Monday, September 05, 2005

 

Milton Avery

Milton Avery

(Article about him in Time magazine, March 16, 1970, page 58. Also, obit. of Sally Michel Avery, N.Y. Times,Jan. 26, 2003, page 23.)

I was drafted into the U.S. Army, 1952-'54, and while waiting for a specific assignment in Korea, I was temporarily at Ft. Lewis, near Seattle. Another draftee was also there, Phillip G. Cavanaugh. He had been an English major at Columbia ('52, as I had been '52 at Yale), and we became friends. I was sent to the front lines (Yekkogai, above the "38th parallel"), fortunately just a week-and-a-half before the fighting ended. Phil was assigned to be a photographer for the UN, in Seoul. There was an Army library in Seoul, intended to keep the troops out of trouble and reading good books. Phil became friends with a Korean young lady who was the head librarian there, Princess Yi Hai Kyung ("Amy Lee"). I had a lot of free time, after the fighting stopped (most of my year over there), so I visited Phil and/or Amy a lot, especially on weekends. I became Amy’s boyfriend, but Phil stayed loyal to his fiancee at home, March Avery (Barnard '52).

After we came home, I went to Rutgers to work toward an eventual Ph.D., and Phil worked on his at N.Y.U. Amy came to the U.S. and started grad school in music at Baylor, in Texas. We met from time to time in New York, along with March. Phil became a prof. at Wagner College on Staten Island, where his father was a prof., and Phil later moved to City U. of N.Y. and married March.

Milton Avery was just becoming famous as a painter. He had a big one-man show at the Whitney Museum, which was a very great honor, but he didn’t make much money. (I remember going to the Whitney show and being excited to think, "Wow, I know this guy!")

Milton was mainly supported by his wife, Sally Michel, who did regular illustrations for the N.Y. Times Magazine and Book Review and also painted. I used to see her initials on the drawings. (Also, she has something in the Metropolitan Museum of Art in N.Y.)

Milton and Sally had parties in their nice apartment in Greenwich Village, and I felt very good to be a guest at some of them. (I was one of the very few people of my age who were there.) Milton and Sally regularly spent summers at artists’ colonies such as Yaddo, and they had a lot of friends who showed up at the parties.
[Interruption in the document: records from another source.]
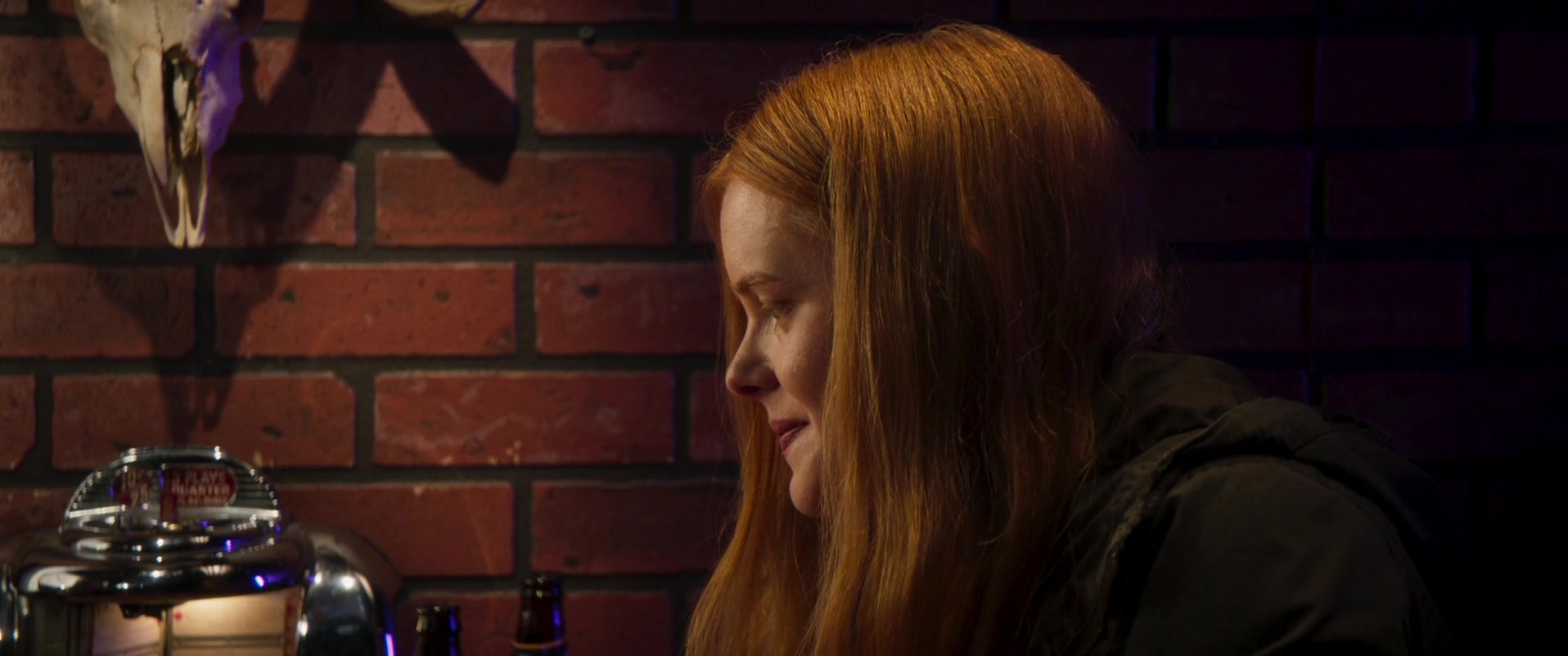 Witch_Hunt_2021_1080p_ACN_007882.jpg Witch_Hunt_2021_1080p_ACN_007882.jpg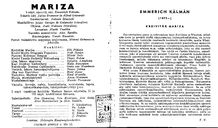 Artistinfo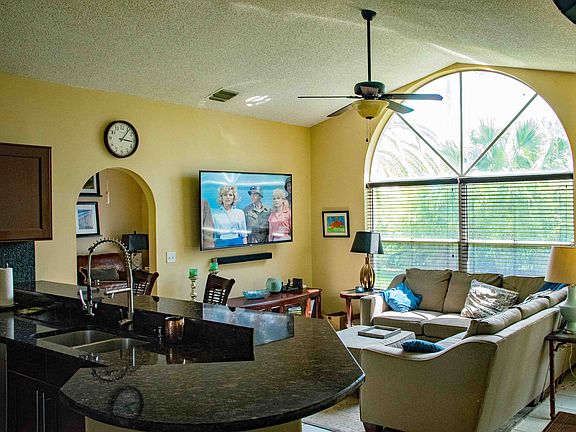 Family Room #1
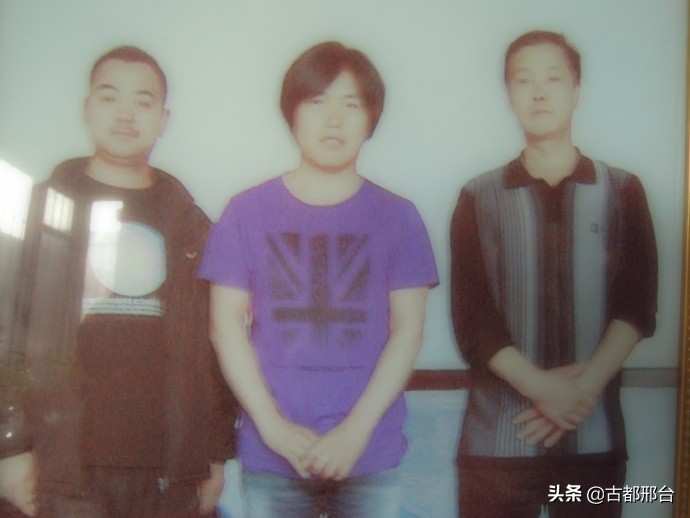 邢台夏云飞武校在哪里,邢台夏云飞武术培训学校在哪里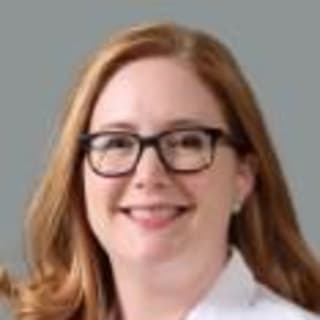 Brittany Chapman, MD, Neurology, Huntersville, NC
The friends were mostly unsuccessful artists who had to do something else to earn a living, and I remember them as being hyper-intellectual and usually extreme-leftist. I dated Joan Rivers, who was a '52 classmate of March at Barnard, and I took her to one of those parties. Joan was not famous yet, and she was happy to see March again and meet Milton.

After Milton died, his paintings suddenly became worth hundreds of thousands of dollars, and Sally got rich. A big coffee-table book was written by Robert Hobbs, "Milton Avery," Hudson Hills Press, New York, 1990. There are other books about him. also, in amazon.com.

Phil and March moved into the apartment. March and their son Sean are both painters. (Amy Lee became the librarian of the Korean Rare Books Collection at Columbia University, which her father’s estate had donated.) They had inherited so much money from the Avery estate, that they established the foundation to help struggling young artists. Their son, Sean, is the nearly-full-time administrator of it (although he is also a part-time painter, himself). In recent years, I went to several of the opening-day parties of one-man shows, where galleries were exhibiting paintings by March, and later by Sean.